Recently I was given the privilege of sharing an article in the most recent edition of the Above Rubies magazine. My piece was entitled "They Could Never Guess" and is a condensed version of the chapter "God's Formula" from my book Reflections from Holland: A New Mother's Journey with Down Syndrome. What a gift and a joy it was to be able to add my voice to this beautiful ministry to women!

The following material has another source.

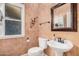 Cozy half-bathroom with pedestal sink and decorative mirror at 7520 S Jentilly Ln, Tempe, AZ 85283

As I stated earlier, motherhood is both a rewarding and difficult occupation, but it is a high-calling deserving of the utmost respect. Each little child is an eternal soul entrusted to us to raise and nurture. Mother's are truly shaping the next generation. Sadly, we live in a culture that has progressively devalued the significance of motherhood.  On several occasions, Mrs. Campbell has written about her observation that, while all mothers love their children, many mothers sadly do not love motherhood. The two are not completely synonymous. To truly love motherhood, we must have a deep sense of purpose and vision for the task before us, even in the midst of the repetitive and the mundane. Loving motherhood involves living with intention and dying to ourselves on a daily basis as we love, teach, and nurture with joy these vulnerable, little human beings given into our care. Loving motherhood means not viewing our children as an inconvenience but as the great purpose of our lives. Loving motherhood means recognizing that there is nothing more significant that we can be pouring our time and energy into during this season of life while our children are being raised in our homes. 

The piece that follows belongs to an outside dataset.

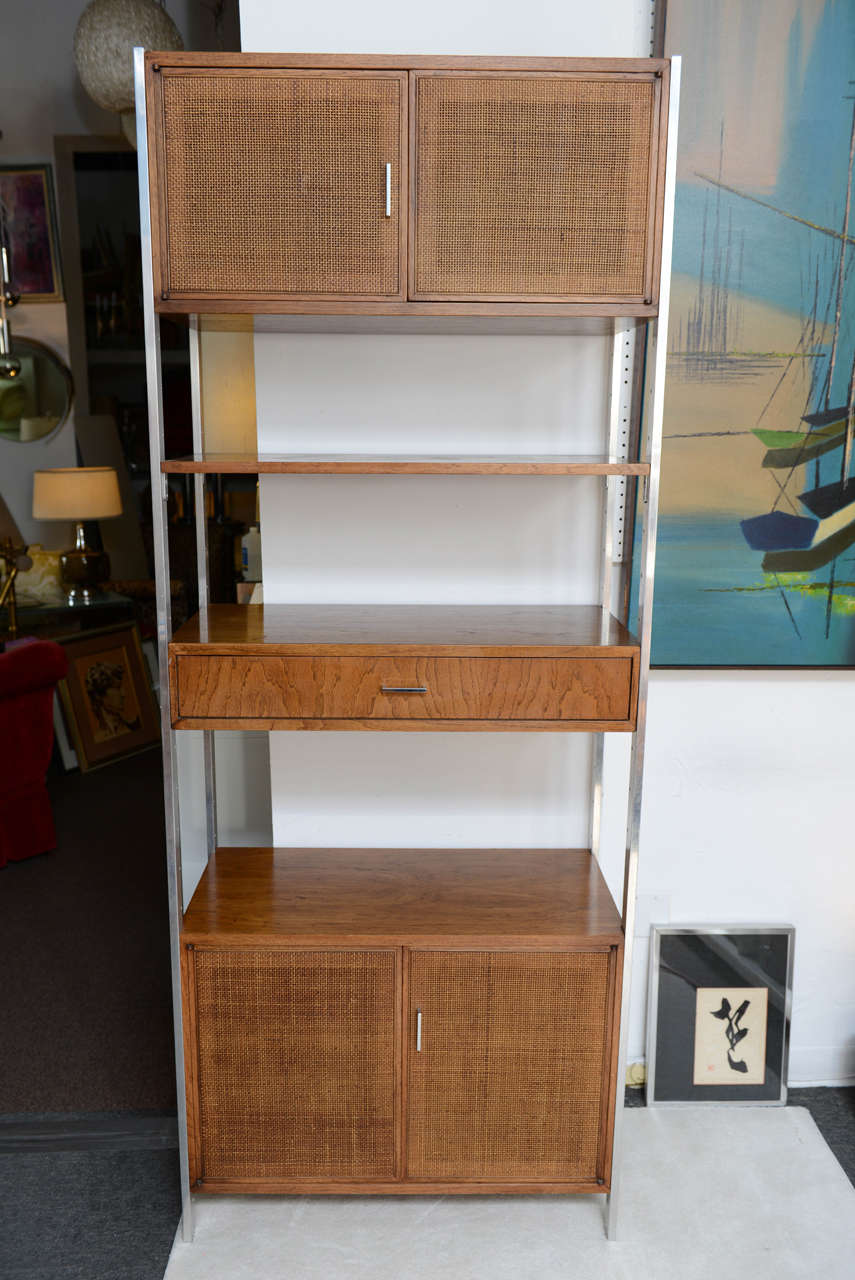 Tall cabinet freestanding mid century Eames era. These kinds of pieces have become increasingly difficult to find.  stainless steel supports hold 2 storage units, one drawer and one shelf.  Woven door fronts and magnetic door closures.  Interesting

I deeply love my four children Benjamin, Joelle, Josiah, and Ava. Over the last nine years I am learning more and more to truly love my motherhood, even those portions which cause me to grieve. Embracing motherhood takes on unique dynamics and struggles when raising a child with special needs. The demands are oftentimes greater. The progress is most definitely slower. By this I mean that the natural progression of childhood and maturity is much more drawn out and sometimes halted altogether. The "season" of childhood may in fact be a lifelong one as the child's physical body grows into adolescence and adulthood but the mind and emotions do not. The "empty nest" will most likely never come, and, when we're really honest with ourselves, the future can sometimes look bleak. "Will he ever be able to talk?" "Will we still be changing diapers when he's a teenager or an adult?" "Will I still be singing The Wheels on the Bus and Patty-Cake to make him smile another ten years from now?" "What will happen if we reach a point where we are no longer physically able to care for him?" The unknowns and fears can quickly creep in and suffocate us if these thoughts are not taken captive and given to the Lord. We do not know what the future path will look like, but Jesus does, and He can be trusted with every detail. 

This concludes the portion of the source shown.